In this post I will share an example that uses Principal Component Analysis as a dimension reduction tool to prepare the data for logistic regression prediction in python.

In [10]:
import numpy as np
import pandas as pd
import matplotlib.pyplot as plt
import plotly.express as ex
import plotly.graph_objs as go
import plotly.figure_factory as ff
from plotly.subplots import make_subplots
from sklearn.decomposition import PCA
from sklearn.model_selection import train_test_split
from sklearn.preprocessing import StandardScaler
from sklearn.linear_model import LogisticRegression

In [11]:
df=pd.read_csv('/content/processed.csv')
df = df.loc[:, ~df.columns.str.contains('^Unnamed')]
df = df.drop(['customerid', 'systemloanid'], axis = 1)
df = df.dropna()
df.head() # Inspect the first 5 rows

Unnamed: 0,bank_branch_clients,loannumber,loanamount,totaldue,termdays,good_bad_flag,referred,realage,TipoInteresAhora,bank_account_Current,...,employment_status_client_Self-Employed,employment_status_client_Student,employment_status_client_Unemployed,employment_status_client_Unknown,number_of_Loans,accumlated_loan_given,accumlated_timediff,time-to-payoff,accumulated_money_won,is_late_for_firstpay
0,0.0,2.0,10000.0,13000.0,30.0,1.0,1.0,48.0,1.0,0.0,...,0.0,0.0,0.0,1.0,1.0,10000.0,3667000000000.0,1300528000000000.0,1500.0,0.0
1,0.0,2.0,10000.0,13000.0,30.0,0.0,0.0,36.0,1.0,0.0,...,0.0,0.0,0.0,0.0,1.0,10000.0,3668000000000.0,2840792000000000.0,3000.0,1.0
2,0.0,4.0,10000.0,13000.0,30.0,1.0,0.0,35.0,1.0,0.0,...,0.0,0.0,0.0,1.0,3.0,30000.0,10835000000000.0,5520142000000000.0,6000.0,1.0
3,0.0,2.0,10000.0,11500.0,15.0,1.0,0.0,30.0,1.0,0.0,...,0.0,0.0,0.0,0.0,1.0,10000.0,3668000000000.0,2873995000000000.0,1500.0,1.0
4,0.0,6.0,20000.0,24500.0,30.0,1.0,0.0,31.0,0.75,0.0,...,0.0,0.0,0.0,0.0,5.0,70000.0,18098000000000.0,1.179669e+16,18000.0,0.0


In [12]:
x = df.loc[:, df.columns != 'good_bad_flag'] # as x variable - the features
x=StandardScaler().fit_transform(x) # standarize the variables
y=df['good_bad_flag'] # assign y variable - the target 

We will start by using only the first 2 leading principal components, and then explore 3 principal components and 4 principal components.

In [13]:
pca=PCA(n_components=2)
PC=pca.fit_transform(x)
principalDF=pd.DataFrame(data=PC,columns=['pc1','pc2'])
finalDf = pd.concat([principalDF, df[['good_bad_flag']]], axis = 1)
finalDf.head()

Unnamed: 0,pc1,pc2,good_bad_flag
0,-2.753636,-0.502676,1.0
1,-2.582214,0.82247,0.0
2,-1.874872,-0.211891,1.0
3,-2.708986,0.696773,1.0
4,0.221011,-1.223886,1.0


To assess how much weightings each feature will have in later predictions, we could construct a loadings table.

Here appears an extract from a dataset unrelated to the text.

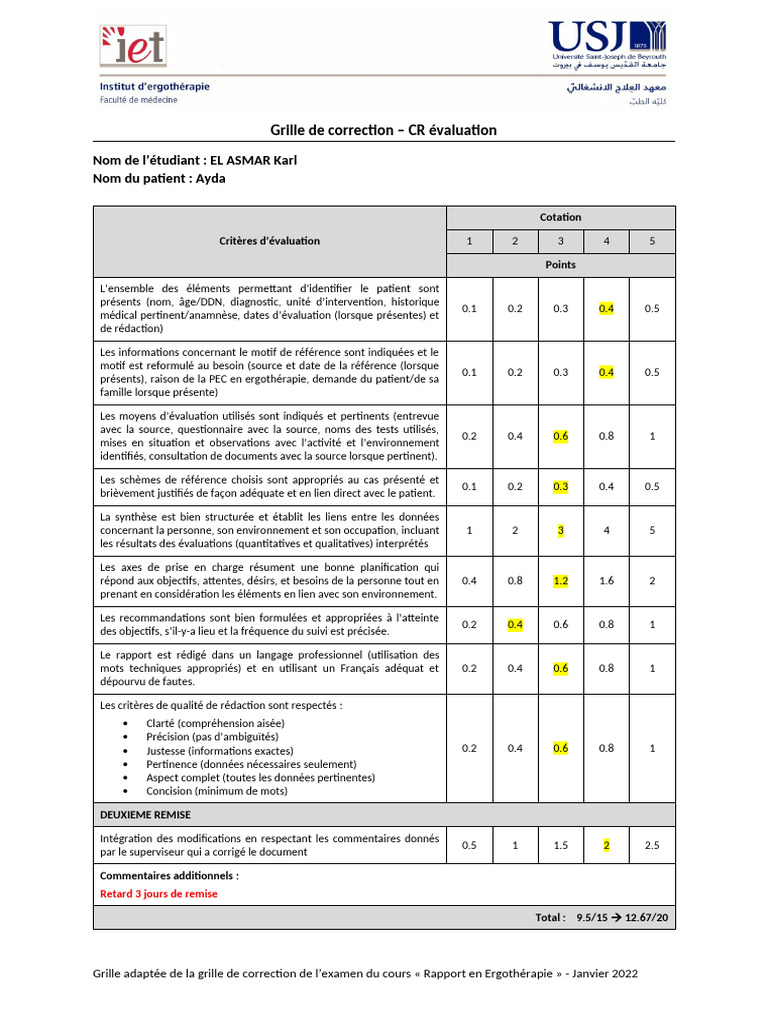 EL ASMAR Karl - Grille de Correction - CR P5 | PDF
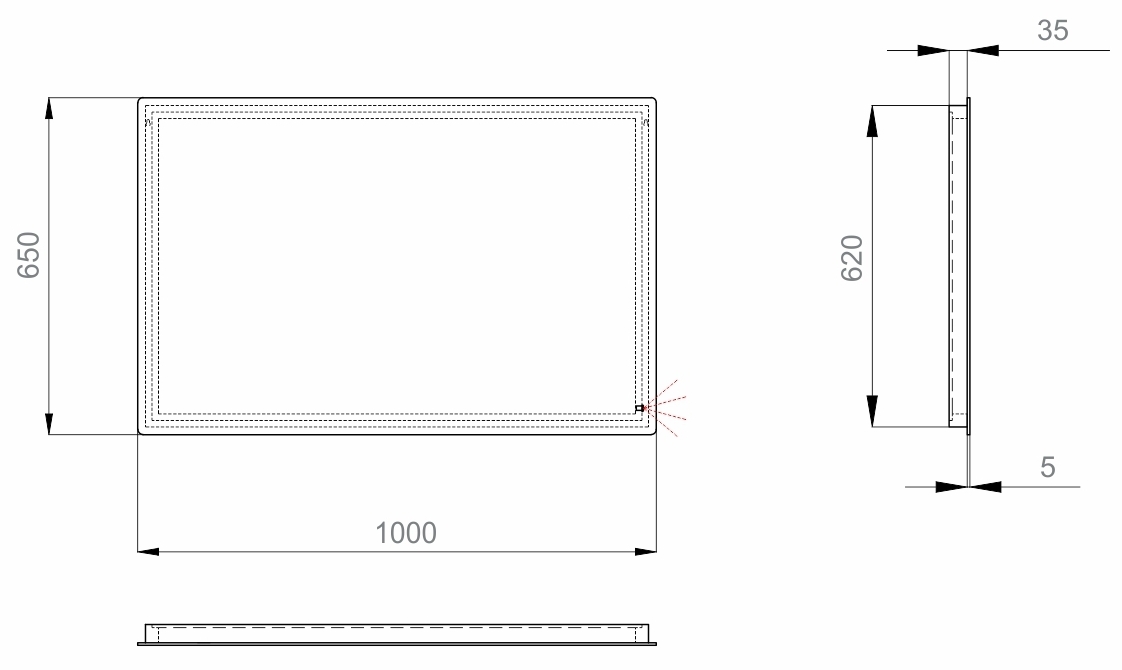 Sanwerk Глове Моне 100x65 (ZG0000139) Габаритные размеры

The loadings shows how much each of our original features have contributed to each of the “new features” — the principal components.

In [14]:
PCloadings = pca.components_.T * np.sqrt(pca.explained_variance_)
components=df.columns.tolist()
components.pop(5)
loadingdf=pd.DataFrame(PCloadings,columns=('PC1','PC2'))
loadingdf["variable"]=components
loadingdf


Unnamed: 0,PC1,PC2,variable
0,0.023311,0.321851,bank_branch_clients
1,0.950287,-0.131185,loannumber
2,0.899165,-0.264556,loanamount
3,0.890737,-0.268732,totaldue
4,0.528805,-0.174681,termdays
5,-0.290131,-0.073155,referred
6,-0.000513,-0.016127,realage
7,-0.901864,0.245038,TipoInteresAhora
8,-0.018982,0.098876,bank_account_Current
9,0.64744,0.447532,bank_account_Other


Now we can plot the loadings and see which of them have high weightings in both principal component 1 and 2:

In [15]:
fig=ex.scatter(x=loadingdf['PC1'],y=loadingdf['PC2'],text=loadingdf['variable'],)
fig.update_layout(
height=600,width=500,
title_text='loadings plot')
fig.update_traces(textposition='bottom center')
fig.add_shape(type="line",
x0=-0, y0=-1,x1=-0,y1=1,
line=dict(color="RoyalBlue",width=3)
)
fig.add_shape(type="line",
x0=-1, y0=0,x1=1,y1=0,
line=dict(color="RoyalBlue",width=3)
)
fig.show()

It is clear that is_late_for_first_pay and exceeds_loan_term_days t are two heavily weighted features.